Report: Blacks Receive Unequal Nursing-Home Care
By Kathleen Fackelmann,
USA Today
A new report reveals a system of separate and unequal nursing-home care for black Americans, one that could expose frail seniors to substandard care.
The study, out in the September/October issue of Health Affairs, finds that 60% of blacks in nursing homes ended up in just 10% of the facilities — typically ones that had been cited for quality problems.
"The nursing-home industry is still quite segregated," says researcher David Barton Smith of Temple University in Philadelphia. "There are homes for blacks and homes for whites."
His study of 7,196 nursing homes in 147 metropolitan areas throughout the USA is one of the first to document a troubling trend in care provided to black Americans.
"It is time to air the dirty laundry" about the problem, Smith says.
Nursing homes may simply reflect the racial composition of the neighborhood, he says. Blacks who live in the inner city tend to go to nearby facilities, which also may have mostly black patients covered by Medicaid, the federal health insurance program for the poor.
Medicaid payments don't sufficiently cover the cost of providing services to most residents, says Alan Rosenbloom, president of the Alliance for Quality Nursing Home Care, a group representing for-profit nursing home chains.

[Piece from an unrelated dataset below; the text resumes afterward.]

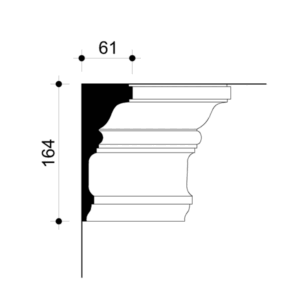 022863-Cornice in gesso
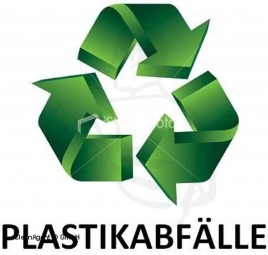 Etiketten für Deckel (Mülltrennung), selbsklebend in Hochglanzfolie passend zu Mülltrennsystem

Homes that rely heavily on Medicaid are more likely to cut staff to the bone, and that can result in shoddy care, Smith says.
The analysis in Health Affairs also found that:
_Blacks were nearly three times as likely as whites to be in nursing homes that predominantly cared for Medicaid patients.
_Blacks were twice as likely to be located in homes that had provided such poor care that they were subsequently kicked out of Medicaid and Medicare.
_Blacks were nearly 1½ times as likely as whites to be in homes that had been cited for deficiencies that could cause immediate harm.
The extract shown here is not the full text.